Segment Start: Entries supplied

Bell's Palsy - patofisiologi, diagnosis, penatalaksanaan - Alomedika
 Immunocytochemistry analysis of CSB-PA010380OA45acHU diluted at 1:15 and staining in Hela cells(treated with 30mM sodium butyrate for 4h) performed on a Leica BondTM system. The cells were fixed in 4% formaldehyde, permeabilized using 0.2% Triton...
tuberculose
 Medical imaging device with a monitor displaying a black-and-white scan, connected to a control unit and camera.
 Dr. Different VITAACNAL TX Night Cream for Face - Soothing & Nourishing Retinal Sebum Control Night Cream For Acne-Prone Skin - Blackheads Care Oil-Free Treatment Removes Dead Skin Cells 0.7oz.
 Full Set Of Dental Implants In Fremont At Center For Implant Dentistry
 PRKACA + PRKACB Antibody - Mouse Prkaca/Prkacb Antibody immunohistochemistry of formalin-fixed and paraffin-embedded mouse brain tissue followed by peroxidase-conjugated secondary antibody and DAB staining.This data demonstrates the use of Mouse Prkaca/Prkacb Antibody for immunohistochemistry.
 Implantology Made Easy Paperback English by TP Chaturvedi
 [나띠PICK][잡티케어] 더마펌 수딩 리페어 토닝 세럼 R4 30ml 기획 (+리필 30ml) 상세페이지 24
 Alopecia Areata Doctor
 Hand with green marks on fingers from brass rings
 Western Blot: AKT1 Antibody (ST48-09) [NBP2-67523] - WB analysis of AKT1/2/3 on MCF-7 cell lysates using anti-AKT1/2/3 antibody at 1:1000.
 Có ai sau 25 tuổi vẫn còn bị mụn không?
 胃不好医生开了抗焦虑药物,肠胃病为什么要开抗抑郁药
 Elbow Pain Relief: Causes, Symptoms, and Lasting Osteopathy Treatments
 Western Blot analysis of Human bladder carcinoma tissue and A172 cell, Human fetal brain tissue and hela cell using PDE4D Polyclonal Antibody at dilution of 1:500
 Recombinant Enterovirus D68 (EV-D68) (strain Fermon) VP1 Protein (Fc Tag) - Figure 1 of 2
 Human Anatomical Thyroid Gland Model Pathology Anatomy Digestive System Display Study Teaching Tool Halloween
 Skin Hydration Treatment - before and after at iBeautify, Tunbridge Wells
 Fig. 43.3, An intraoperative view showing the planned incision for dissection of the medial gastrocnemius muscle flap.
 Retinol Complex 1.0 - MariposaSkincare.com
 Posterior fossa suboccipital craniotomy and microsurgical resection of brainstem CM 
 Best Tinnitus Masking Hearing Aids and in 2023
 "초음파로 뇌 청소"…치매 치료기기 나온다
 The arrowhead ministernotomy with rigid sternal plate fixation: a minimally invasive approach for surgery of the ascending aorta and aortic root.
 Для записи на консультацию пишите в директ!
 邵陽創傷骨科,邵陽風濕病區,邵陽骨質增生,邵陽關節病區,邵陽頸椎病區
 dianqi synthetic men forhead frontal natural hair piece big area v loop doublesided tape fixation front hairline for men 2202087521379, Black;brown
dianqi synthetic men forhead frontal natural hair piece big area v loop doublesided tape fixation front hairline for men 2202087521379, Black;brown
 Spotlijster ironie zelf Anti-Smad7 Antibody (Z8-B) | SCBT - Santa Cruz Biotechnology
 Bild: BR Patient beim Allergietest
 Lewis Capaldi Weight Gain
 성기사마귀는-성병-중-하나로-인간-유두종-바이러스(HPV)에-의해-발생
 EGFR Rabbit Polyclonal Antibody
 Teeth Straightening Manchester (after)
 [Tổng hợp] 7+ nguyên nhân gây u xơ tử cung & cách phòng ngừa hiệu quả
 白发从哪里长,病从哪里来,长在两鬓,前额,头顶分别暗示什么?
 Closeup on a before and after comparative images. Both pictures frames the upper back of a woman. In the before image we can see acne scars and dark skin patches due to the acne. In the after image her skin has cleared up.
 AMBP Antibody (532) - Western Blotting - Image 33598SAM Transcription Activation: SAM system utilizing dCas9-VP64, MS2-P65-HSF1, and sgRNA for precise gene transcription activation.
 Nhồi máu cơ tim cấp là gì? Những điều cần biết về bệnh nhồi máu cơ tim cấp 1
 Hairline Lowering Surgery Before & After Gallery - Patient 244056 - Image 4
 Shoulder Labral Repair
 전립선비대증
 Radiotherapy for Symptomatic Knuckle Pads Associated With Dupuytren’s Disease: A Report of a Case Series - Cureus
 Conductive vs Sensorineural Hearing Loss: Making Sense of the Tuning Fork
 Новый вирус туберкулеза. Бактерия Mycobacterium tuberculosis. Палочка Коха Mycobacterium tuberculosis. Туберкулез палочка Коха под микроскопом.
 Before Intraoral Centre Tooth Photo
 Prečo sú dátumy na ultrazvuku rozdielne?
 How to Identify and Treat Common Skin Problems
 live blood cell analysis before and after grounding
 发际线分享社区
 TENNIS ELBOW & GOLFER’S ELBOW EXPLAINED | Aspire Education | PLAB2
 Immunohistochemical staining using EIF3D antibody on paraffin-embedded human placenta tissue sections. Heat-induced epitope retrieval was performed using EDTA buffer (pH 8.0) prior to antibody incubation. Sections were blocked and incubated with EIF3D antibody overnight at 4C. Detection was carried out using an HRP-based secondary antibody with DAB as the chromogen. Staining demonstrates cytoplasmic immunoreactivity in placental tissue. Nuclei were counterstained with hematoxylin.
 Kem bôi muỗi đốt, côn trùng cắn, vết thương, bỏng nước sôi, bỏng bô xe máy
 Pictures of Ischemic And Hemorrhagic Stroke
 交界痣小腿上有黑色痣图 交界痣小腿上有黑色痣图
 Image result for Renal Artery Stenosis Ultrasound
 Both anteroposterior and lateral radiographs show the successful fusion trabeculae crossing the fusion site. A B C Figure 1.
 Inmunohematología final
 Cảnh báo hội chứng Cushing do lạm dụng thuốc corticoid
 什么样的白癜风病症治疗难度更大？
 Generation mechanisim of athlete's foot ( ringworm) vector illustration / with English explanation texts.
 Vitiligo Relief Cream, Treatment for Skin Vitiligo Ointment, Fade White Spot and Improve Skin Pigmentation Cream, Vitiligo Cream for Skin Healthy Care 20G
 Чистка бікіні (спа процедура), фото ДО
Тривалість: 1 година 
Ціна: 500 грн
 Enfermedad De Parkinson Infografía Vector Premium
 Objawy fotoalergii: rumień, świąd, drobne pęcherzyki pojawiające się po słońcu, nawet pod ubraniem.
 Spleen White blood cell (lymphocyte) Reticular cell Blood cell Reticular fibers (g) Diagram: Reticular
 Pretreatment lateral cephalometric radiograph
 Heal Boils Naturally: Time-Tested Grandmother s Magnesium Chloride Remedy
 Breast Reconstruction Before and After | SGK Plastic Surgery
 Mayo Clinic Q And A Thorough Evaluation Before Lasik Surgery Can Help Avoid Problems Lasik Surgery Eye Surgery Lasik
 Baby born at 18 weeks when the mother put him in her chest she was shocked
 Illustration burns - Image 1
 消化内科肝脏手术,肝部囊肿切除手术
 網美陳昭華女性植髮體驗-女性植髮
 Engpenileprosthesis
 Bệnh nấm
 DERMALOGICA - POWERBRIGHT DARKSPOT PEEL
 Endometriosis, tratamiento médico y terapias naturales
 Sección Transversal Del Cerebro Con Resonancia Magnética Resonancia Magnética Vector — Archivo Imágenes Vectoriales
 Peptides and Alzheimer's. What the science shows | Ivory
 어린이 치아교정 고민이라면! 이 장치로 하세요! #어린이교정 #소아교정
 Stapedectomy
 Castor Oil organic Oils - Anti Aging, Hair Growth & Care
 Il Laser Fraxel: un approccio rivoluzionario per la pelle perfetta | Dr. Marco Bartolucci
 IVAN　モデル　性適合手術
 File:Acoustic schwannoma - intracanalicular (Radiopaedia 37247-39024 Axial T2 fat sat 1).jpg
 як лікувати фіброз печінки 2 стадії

Segment End: Entries supplied

In the data above, how many lines hold the string "Relief"? Give the number by itself.

▸ Written reply:
2